Solidarity on women issues

Community News & Features Mar 9, 2018 at 4:27 pm

IWD_01International Women’s Day in Toronto

By Ysh Cabana
The Philippine Reporter

TORONTO–“Abante, babae, palaban militante!”

Pinays chanted with other migrants, Blacks, Muslims, transgender, indigenous people and other groups to celebrate International Women’s Day (IWD) on March 3.
“Women and children are most affected by displacement, loss of livelihood and health problems,” said Mithi Esguerra, chairperson of Ontario chapter of the militant Filipina women’s group Gabriela. “That’s why we are marching.”

Esguerra is one of the thousands of people who took to the streets en masse to reaffirm their commitment for gender parity and liberation.

Officially observed on March 8th, this year’s march is ahead of the 40th anniversary of IWD in Toronto.
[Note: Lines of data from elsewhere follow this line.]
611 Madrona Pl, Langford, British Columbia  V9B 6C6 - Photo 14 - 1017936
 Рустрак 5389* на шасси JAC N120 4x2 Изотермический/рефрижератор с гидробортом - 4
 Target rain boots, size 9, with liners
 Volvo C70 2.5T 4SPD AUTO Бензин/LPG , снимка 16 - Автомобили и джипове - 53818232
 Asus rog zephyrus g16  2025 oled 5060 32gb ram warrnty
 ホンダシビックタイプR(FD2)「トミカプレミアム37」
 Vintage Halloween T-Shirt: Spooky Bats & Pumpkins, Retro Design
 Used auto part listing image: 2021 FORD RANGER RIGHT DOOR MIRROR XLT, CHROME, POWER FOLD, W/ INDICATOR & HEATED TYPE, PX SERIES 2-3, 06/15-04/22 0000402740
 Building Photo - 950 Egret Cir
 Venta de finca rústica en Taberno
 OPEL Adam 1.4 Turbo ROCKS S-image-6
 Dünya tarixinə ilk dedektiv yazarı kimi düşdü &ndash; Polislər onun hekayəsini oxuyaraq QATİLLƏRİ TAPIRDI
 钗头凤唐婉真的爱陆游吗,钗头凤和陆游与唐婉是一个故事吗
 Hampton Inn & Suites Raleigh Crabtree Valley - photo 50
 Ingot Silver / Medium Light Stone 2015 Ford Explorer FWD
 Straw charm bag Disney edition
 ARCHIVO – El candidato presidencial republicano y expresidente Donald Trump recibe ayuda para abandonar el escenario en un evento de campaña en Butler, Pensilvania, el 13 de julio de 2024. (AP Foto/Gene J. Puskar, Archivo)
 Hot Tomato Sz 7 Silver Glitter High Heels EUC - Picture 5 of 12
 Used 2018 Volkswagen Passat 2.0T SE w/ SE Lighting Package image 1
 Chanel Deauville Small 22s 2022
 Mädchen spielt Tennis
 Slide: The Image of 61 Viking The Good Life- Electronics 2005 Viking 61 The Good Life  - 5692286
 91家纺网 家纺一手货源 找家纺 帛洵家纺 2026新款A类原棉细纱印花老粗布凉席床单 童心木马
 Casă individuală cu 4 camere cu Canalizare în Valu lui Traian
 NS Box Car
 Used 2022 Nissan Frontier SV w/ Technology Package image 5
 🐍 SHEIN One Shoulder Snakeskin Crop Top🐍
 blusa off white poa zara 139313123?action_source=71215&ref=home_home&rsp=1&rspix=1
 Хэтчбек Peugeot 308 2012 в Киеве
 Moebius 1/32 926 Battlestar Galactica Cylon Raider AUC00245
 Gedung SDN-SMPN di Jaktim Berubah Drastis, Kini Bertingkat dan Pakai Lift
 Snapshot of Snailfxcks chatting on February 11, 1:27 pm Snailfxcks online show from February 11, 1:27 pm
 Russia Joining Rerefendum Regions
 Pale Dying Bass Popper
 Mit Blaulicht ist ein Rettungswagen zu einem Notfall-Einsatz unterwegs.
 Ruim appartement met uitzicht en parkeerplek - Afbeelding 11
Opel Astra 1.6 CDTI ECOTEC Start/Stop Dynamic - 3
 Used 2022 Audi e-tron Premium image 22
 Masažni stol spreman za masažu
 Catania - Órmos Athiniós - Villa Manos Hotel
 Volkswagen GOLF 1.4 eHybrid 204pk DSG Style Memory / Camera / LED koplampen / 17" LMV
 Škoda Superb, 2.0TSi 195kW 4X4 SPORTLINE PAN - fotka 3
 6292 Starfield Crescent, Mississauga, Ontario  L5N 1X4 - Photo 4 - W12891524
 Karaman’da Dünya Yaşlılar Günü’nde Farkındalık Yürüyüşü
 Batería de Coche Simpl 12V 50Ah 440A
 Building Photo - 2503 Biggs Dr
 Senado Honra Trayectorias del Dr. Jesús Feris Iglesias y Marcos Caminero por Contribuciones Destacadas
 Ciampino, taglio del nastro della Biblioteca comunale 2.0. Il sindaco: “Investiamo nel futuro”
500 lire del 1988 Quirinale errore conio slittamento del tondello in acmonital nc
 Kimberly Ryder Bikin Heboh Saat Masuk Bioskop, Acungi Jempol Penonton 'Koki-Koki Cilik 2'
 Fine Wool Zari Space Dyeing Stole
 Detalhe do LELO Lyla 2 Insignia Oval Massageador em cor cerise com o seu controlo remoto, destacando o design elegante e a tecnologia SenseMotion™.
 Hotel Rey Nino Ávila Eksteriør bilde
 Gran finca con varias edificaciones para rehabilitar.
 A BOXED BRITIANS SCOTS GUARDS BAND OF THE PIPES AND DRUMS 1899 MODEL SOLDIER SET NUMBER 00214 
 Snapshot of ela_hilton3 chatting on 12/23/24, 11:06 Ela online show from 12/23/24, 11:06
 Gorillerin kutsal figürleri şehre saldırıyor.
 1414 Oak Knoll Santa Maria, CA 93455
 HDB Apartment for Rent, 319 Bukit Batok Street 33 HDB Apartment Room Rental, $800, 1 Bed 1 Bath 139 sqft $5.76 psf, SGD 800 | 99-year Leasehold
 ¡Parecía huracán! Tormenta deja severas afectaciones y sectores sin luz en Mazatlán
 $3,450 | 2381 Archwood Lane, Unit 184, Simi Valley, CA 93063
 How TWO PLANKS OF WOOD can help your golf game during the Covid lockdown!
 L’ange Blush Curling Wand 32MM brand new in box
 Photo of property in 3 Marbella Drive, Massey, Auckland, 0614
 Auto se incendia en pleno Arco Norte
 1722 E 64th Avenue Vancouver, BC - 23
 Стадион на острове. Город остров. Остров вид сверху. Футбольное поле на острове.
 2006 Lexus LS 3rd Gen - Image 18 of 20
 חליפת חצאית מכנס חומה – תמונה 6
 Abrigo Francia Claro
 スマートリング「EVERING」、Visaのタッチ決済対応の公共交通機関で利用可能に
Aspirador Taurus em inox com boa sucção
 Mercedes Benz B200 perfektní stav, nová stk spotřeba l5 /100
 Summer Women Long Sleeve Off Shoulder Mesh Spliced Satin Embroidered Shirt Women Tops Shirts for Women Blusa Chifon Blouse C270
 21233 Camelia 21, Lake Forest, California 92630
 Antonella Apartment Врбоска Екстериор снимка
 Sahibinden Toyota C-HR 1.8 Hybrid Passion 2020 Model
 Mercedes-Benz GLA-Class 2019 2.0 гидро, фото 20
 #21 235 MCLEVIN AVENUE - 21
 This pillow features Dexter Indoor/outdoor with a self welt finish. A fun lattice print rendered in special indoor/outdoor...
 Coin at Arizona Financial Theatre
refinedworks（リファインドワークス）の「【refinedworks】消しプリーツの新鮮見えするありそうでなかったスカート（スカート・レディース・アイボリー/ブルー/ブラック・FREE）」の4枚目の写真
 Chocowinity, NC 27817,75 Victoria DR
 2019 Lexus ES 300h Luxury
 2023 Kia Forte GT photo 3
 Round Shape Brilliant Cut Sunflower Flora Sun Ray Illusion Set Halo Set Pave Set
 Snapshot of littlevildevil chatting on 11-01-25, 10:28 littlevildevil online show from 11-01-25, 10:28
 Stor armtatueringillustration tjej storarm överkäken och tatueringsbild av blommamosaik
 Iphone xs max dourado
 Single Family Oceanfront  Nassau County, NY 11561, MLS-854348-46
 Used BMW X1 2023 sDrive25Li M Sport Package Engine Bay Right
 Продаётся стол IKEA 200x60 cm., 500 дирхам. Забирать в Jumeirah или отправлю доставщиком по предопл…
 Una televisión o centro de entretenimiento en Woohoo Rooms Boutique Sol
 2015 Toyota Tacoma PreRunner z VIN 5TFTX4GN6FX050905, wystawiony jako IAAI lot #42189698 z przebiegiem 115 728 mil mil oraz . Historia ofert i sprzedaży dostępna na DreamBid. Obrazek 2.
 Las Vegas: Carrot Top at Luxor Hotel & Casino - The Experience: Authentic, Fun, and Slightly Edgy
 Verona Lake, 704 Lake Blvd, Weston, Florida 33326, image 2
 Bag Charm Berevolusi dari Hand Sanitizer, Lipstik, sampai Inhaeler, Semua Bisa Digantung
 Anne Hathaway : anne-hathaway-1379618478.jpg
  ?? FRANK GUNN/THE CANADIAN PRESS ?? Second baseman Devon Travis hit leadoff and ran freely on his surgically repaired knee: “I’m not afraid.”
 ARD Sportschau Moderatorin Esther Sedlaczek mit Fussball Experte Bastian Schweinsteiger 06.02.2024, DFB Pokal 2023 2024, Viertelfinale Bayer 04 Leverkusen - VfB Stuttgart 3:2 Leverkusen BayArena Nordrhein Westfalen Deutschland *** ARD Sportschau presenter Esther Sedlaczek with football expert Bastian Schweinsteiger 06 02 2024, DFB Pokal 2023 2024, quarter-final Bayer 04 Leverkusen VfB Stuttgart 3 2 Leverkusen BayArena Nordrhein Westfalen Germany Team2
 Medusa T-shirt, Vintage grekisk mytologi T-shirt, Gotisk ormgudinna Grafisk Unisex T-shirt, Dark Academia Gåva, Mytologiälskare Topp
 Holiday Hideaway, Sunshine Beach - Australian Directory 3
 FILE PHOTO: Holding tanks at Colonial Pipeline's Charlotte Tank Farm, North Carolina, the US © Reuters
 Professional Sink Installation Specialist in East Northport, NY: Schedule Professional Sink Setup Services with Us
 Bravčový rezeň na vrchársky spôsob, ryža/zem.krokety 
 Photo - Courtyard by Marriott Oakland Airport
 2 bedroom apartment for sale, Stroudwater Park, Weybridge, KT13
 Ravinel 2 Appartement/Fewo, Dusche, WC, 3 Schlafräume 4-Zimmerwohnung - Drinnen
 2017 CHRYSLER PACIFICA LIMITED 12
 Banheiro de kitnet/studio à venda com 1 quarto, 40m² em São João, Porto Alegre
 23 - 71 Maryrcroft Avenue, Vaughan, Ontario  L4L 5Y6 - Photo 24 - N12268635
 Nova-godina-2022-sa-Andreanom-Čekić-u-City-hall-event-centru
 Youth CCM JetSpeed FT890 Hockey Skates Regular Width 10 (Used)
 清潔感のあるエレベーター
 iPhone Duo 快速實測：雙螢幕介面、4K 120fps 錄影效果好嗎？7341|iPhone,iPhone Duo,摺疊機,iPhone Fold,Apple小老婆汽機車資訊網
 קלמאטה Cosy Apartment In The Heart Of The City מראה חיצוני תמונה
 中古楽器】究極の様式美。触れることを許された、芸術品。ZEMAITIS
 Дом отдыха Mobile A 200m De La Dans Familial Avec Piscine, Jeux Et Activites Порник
It was a particularly meaningful event to women and allies beginning with a rally at OISE on Bloor Street. Speakers highlighted the struggles of women at home and abroad.

Maria Magdalena Arce shared the status of women affected by Canadian mining injustices in Latin America and the Caribbean region.

IWD_04Inaj Abalajon, chairperson of Filipino youth group Anakbayan-Toronto, said it was an urgent chance to show solidarity to the Filipino folks who are in the frontlines for social and economic justice.

“When we talk about women in the margins, the most oppressed and exploited, and those are in Philippine society, peasant women and women workers. Even though these are the women experiencing the worst forms of exploitation. It’s also in these sectors where the organizing is strong because it’s in their collective action women advance their socioolitical rights,” added Mithi Esguerra in a Radyo Migrante interview.

Young women also took up space at the Bloor-Bedford parkette and showed off their dance movement skills to the rhythm of Bangon na sa Rebolusyon, the theme song of One Billion Rising Philippines campaign to end rape and sexual violence.

There were wide-ranging messages with other people voicing out their concerns on racism, harassment, discrimination, affordable housing and universal healthcare, and equal pay.
According to the World Economic Forum, the gender gap won’t close until 2186. On IWD, women across the world come together to force the world to recognise these inequalities – while also celebrating the achievements of women who have overcome these barriers.

According to a 2017 report by the World Economic Forum, it could still take another 100 years before the global equality gap between men and women disappears entirely.
“What we want is to be part of society. We are fighting for liberation, liberation of women, liberation from gender violence that we’ve been hearing about everywhere,” said Judy Vashti-Persad, a member of IWD organizing committee.

IWD_05Justice for Tina Fontaine

Following the rally, marchers headed to Nathan Phillips Square to join the protest action calling for justice for Tina Fontaine, the fifteen year old indigenous girl who was found dead in Winnipeg in 2014. Her death was treated by police as homicide so the suspect was found not guilty last month.

Anna Liu, one of organizers of IWD 2018, said, “The whole issue around missing and murdered indigenous women is central to one of the key purposes of international women’s day: the fight for equality, stopping violence against women and basically the #MeToo movement that’s really exploded in the past year and a half.”

In 2017, women’s rights dominated the news, with a global reckoning on sexual misconduct rippling through industries. Following the outpouring of allegations against prominent men in power, the #MeToo movement gave a voice to women on the abuse and harassment they suffer in different fields.

With gender parity and liberation still a long way from being achieved, many are hoping the path to honor half of the world’s population will continue to spring forward.